Exercise aim
The span to repeat in the listing below runs from the line containing "Bar Stool Chair V46 3D" to the line containing "3DFX Voodoo 3 1000 back", inclusive. Repeat it exactly, and only it.

Exercise material
────────────────────────────────────────
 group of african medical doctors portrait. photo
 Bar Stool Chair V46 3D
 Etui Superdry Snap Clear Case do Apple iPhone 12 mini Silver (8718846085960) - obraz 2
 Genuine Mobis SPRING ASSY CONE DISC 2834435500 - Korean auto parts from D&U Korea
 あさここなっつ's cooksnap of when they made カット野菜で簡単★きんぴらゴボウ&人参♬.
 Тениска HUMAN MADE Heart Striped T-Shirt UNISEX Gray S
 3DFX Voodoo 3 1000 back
────────────────────────────────────────
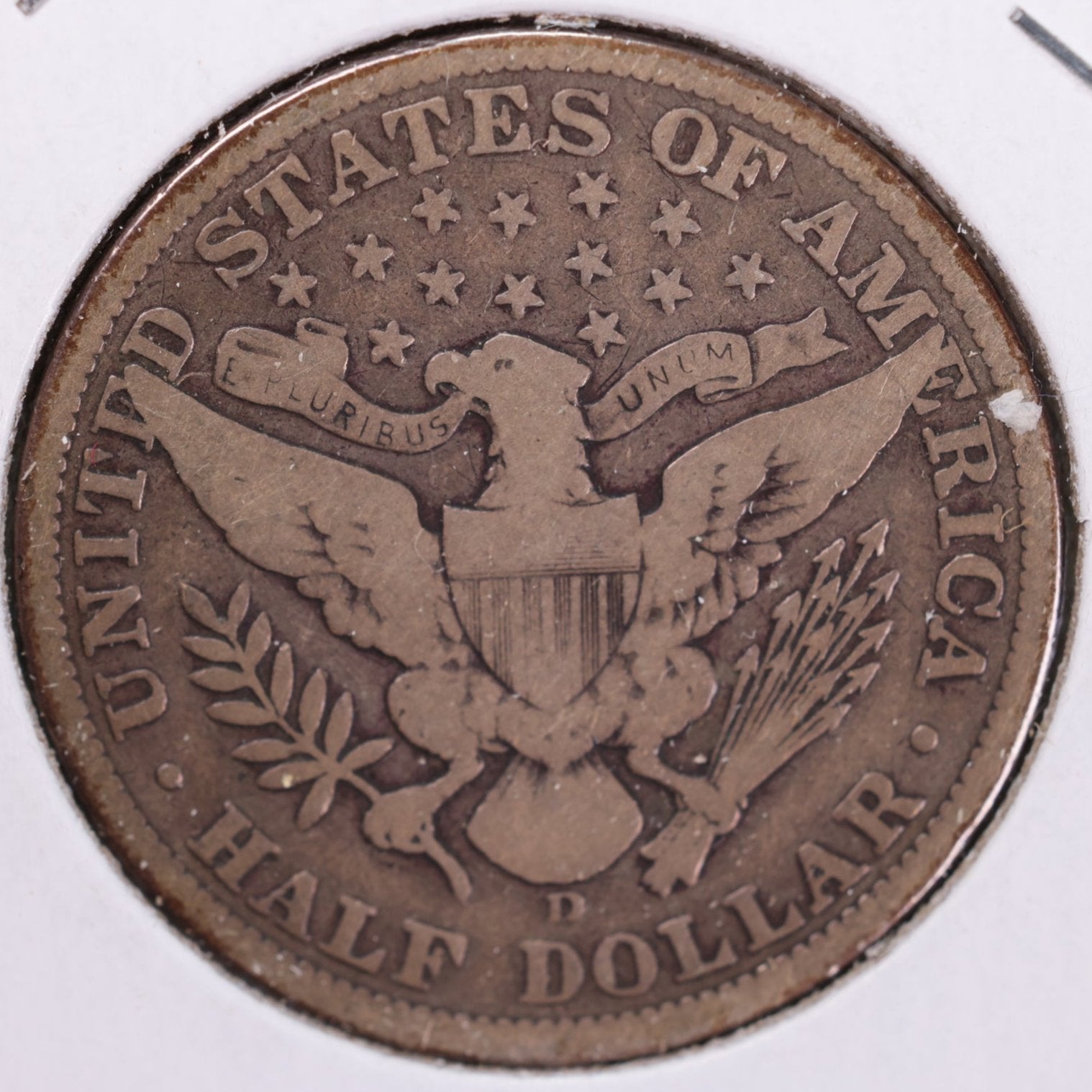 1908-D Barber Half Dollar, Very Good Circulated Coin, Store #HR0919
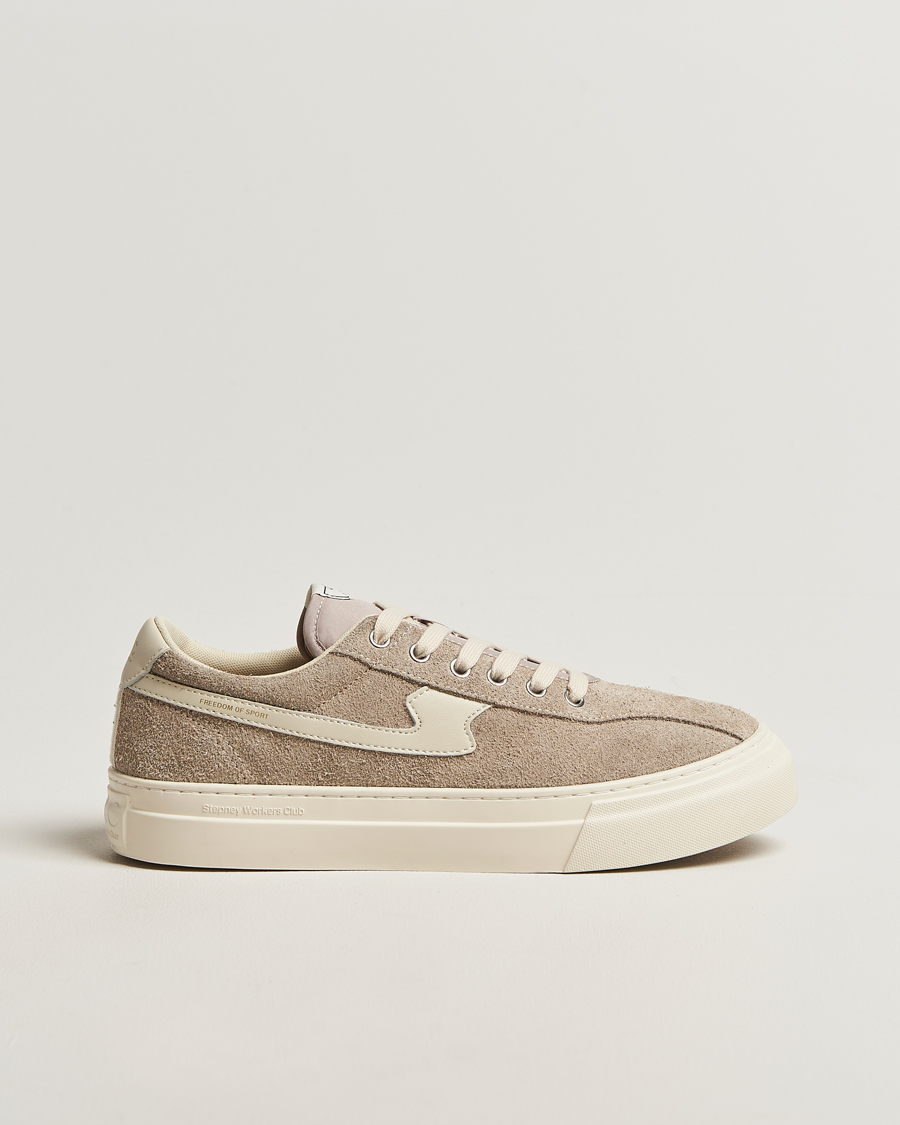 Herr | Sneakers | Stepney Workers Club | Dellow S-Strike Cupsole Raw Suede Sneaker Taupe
────────────────────────────────────────
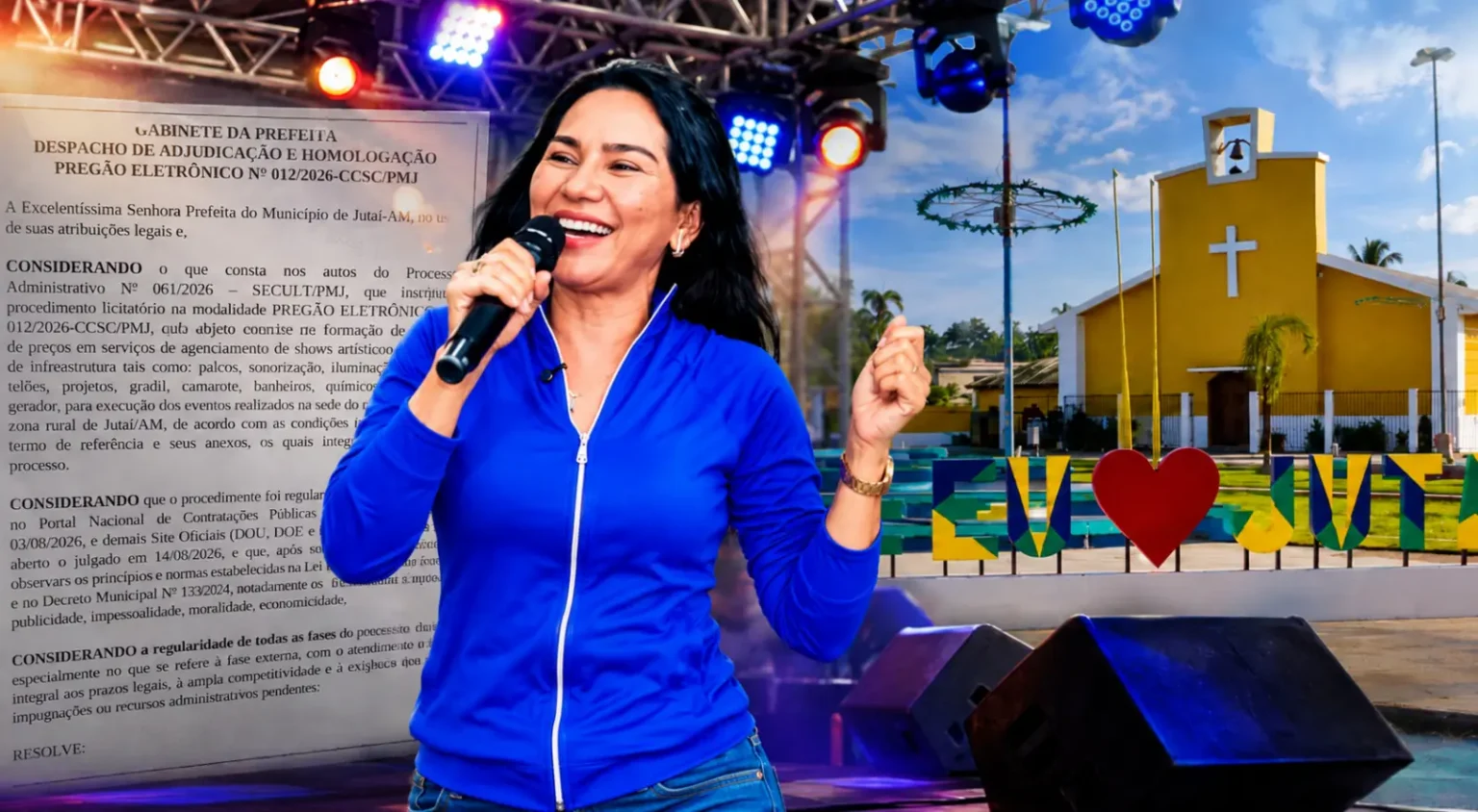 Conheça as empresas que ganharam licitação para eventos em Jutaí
────────────────────────────────────────
Answer to this exercise
 Bar Stool Chair V46 3D
 Etui Superdry Snap Clear Case do Apple iPhone 12 mini Silver (8718846085960) - obraz 2
 Genuine Mobis SPRING ASSY CONE DISC 2834435500 - Korean auto parts from D&U Korea
 あさここなっつ's cooksnap of when they made カット野菜で簡単★きんぴらゴボウ&人参♬.
 Тениска HUMAN MADE Heart Striped T-Shirt UNISEX Gray S
 3DFX Voodoo 3 1000 back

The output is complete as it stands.